Google and Facebook have a similar approach, which works well.
They each have an optional parameter called fields after which you put the names of fields you want to be returned.
As you see in this example, you can also put subobjects in responses to pull in other information from additional resources.

Add optional fields in a comma-delimited list

The Google approach works extremely well.
Here’s how to get just the information we need from our dogs API using this approach:

     /dogs?fields=name,color,location

This approach works well because:

  • ●  It is simple to read.

  • ●  A application developer can select just the information an app needs at a given time.

  • ●  It cuts down on bandwidth issues, which is important for mobile apps.

    The partial selection syntax can also be used to include associated resources cutting down on the number of requests needed to get the required information.

    Make it easy for application developers to paginate objects in a database

    In a previous section, we showed how you can use next, previous, first, and last links to allow API clients to scroll through large lists very simply without the need to construct URLs from complex URI templates. This is often sufficient for handling collections, but occasionally you may want to allow clients more explicit control over pagination.

    Let’s look at how Facebook, Twitter, and LinkedIn handle pagination. Facebook uses offset and limit. Twitter uses page and rpp (records per page). LinkedIn uses start and count.

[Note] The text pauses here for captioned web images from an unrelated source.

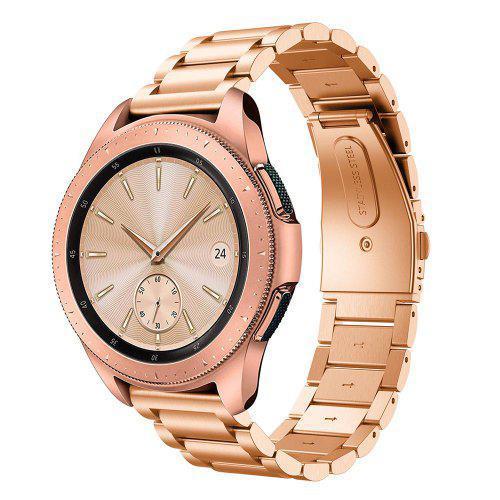 Stainless Steel Watch Band Wrist Strap for Samsung Galaxy Watch 42MM SM R810 Rose Gold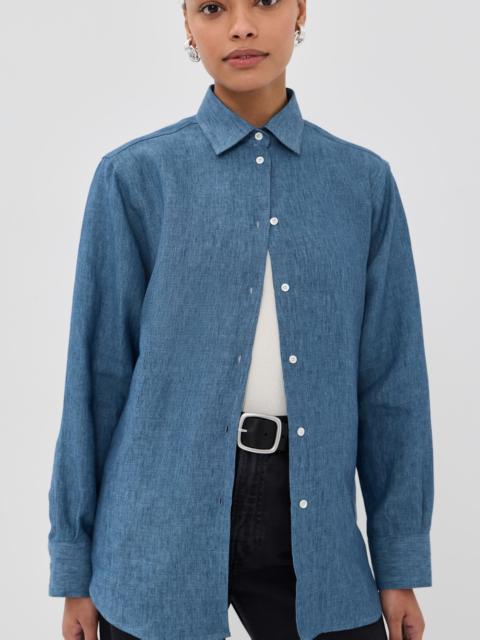 RÓHE Classic Chambray Linen Shirt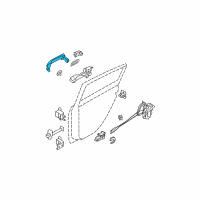 OEM Nissan Outside Door Handle Diagram - 82641-ZW40E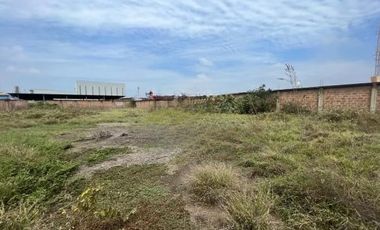 En venta estratégico  terreno comercial en via Manta Montecristi, zona norte, cerca a La Fabril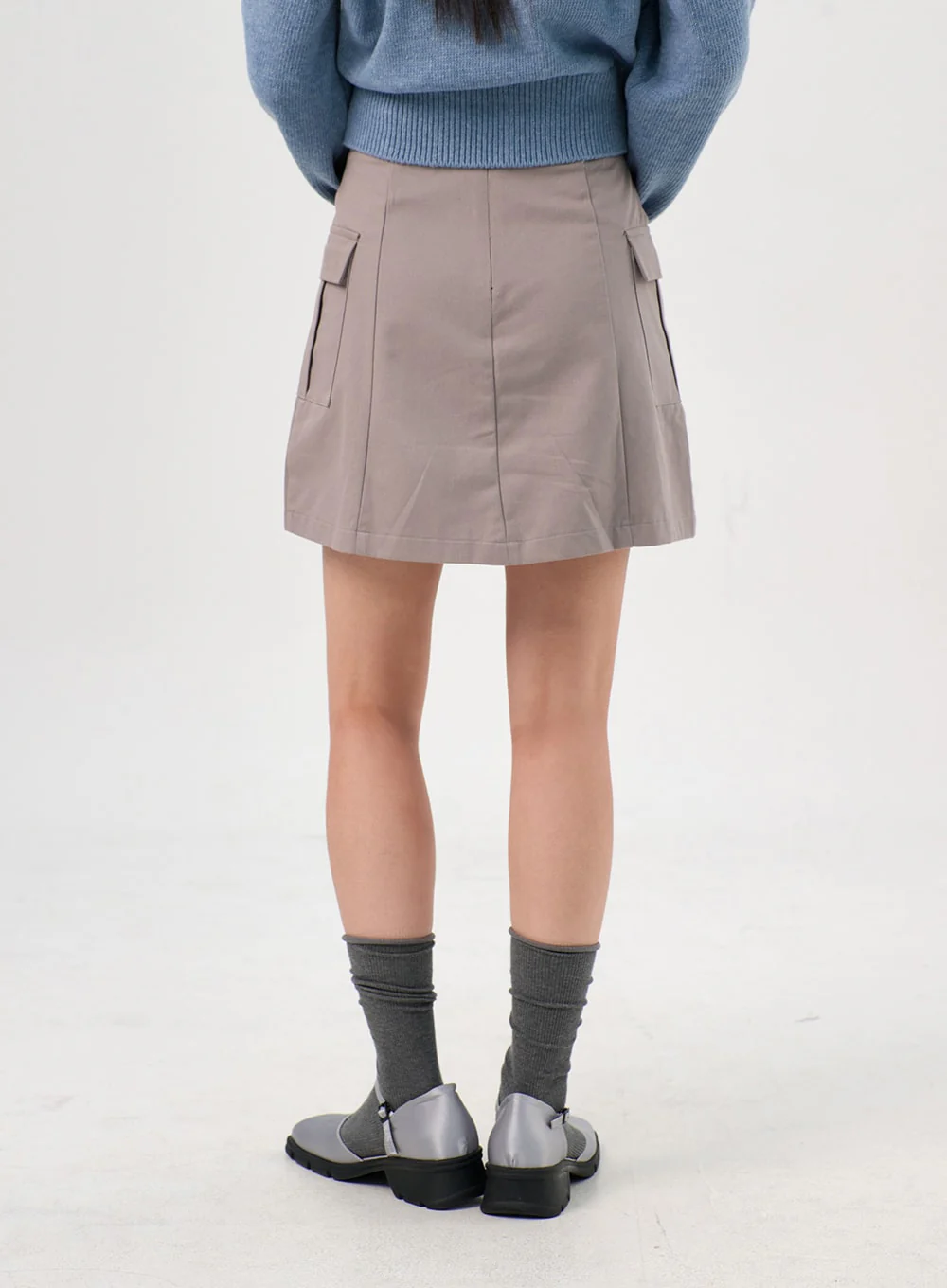 Cargo Mini Skirt OS302 - Image 7
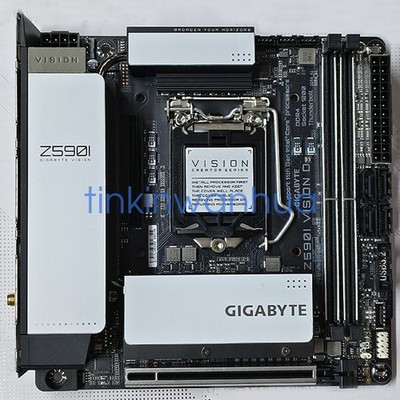 For Gigabyte Z590I VISION D Motherboard LGA1200 DDR4 DisplayPort Mini-ITX *la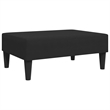Bowery Hill Contemporary Standard Sofa Set in Black Polyester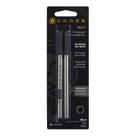 Recarga de canetas Cross Selectip Gel Rollerball Medium Black, pacote com 2
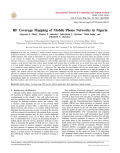 RF Coverage Mapping of Mobile Phone Networks in Nigeria
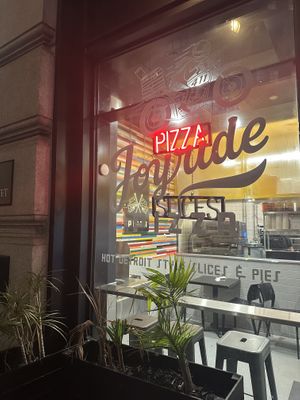 A bit of seating is available   at Joyride Pizza - Market St in San Francisco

    Semantically, Facebook and LinkedIn do the same thing. That is, the LinkedIn start and count is used in the same way as the Facebook offset and limit.

    To get records 50 through 75 from each system, you would use:

  • ●  Facebook - offset 50 and limit 25

  • ●  Twitter - page 3 and rpp 25 (records per page)

  • ●  LinkedIn - start 50 and count 25

    We like limit and offset, although the data values that the implementation has to sort on, and the database technologies being used may dictate compromises.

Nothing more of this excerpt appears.